THE DATA:
* * * *

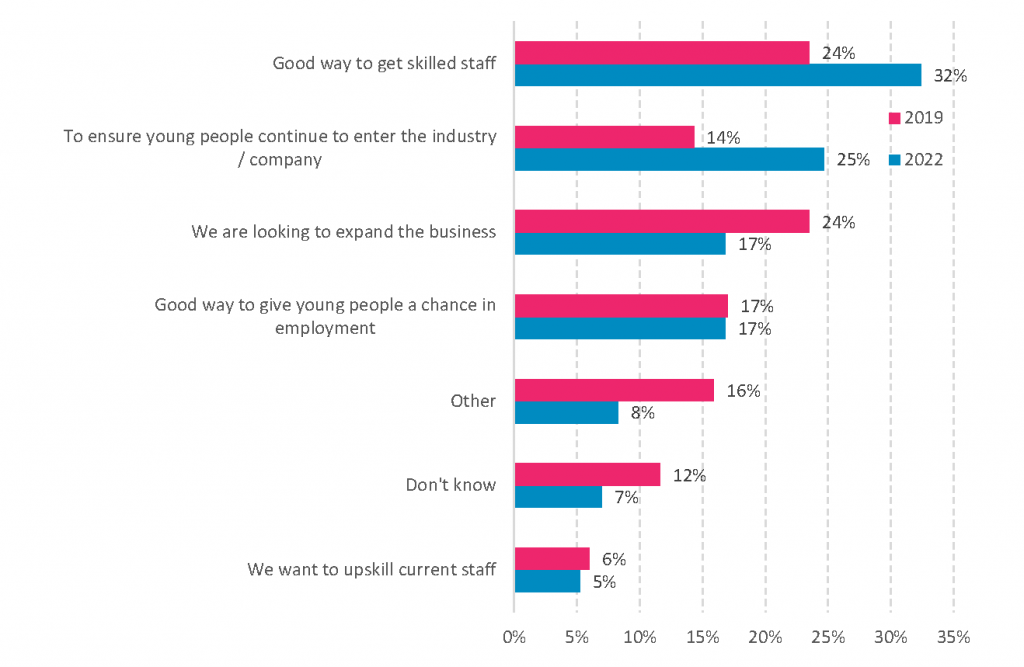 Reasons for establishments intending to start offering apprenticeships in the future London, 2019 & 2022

* * * *

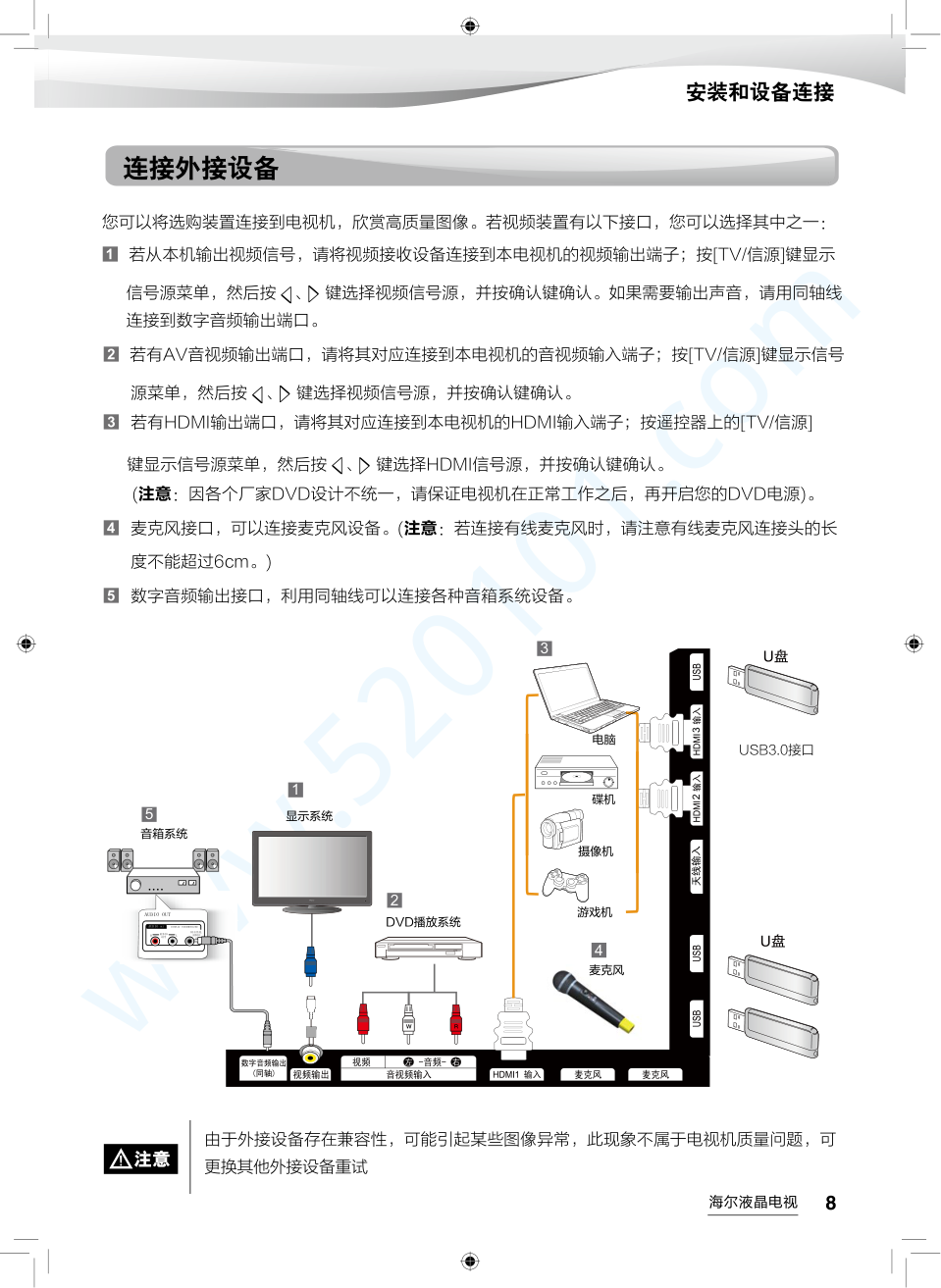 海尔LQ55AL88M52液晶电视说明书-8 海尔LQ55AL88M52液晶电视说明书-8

* * * *

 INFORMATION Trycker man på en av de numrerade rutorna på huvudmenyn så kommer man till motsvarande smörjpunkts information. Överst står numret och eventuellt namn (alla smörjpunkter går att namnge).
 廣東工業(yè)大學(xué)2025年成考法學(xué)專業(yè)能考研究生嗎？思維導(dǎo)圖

* * * *

ASSIGNED TASK: Could you set down, word for word, only the lines above from the line with "INFORMATION Trycker man" to the line with "廣東工業(yè)大學(xué", including both?

RESPONSE FOR THIS EXERCISE:
 INFORMATION Trycker man på en av de numrerade rutorna på huvudmenyn så kommer man till motsvarande smörjpunkts information. Överst står numret och eventuellt namn (alla smörjpunkter går att namnge).
 廣東工業(yè)大學(xué)2025年成考法學(xué)專業(yè)能考研究生嗎？思維導(dǎo)圖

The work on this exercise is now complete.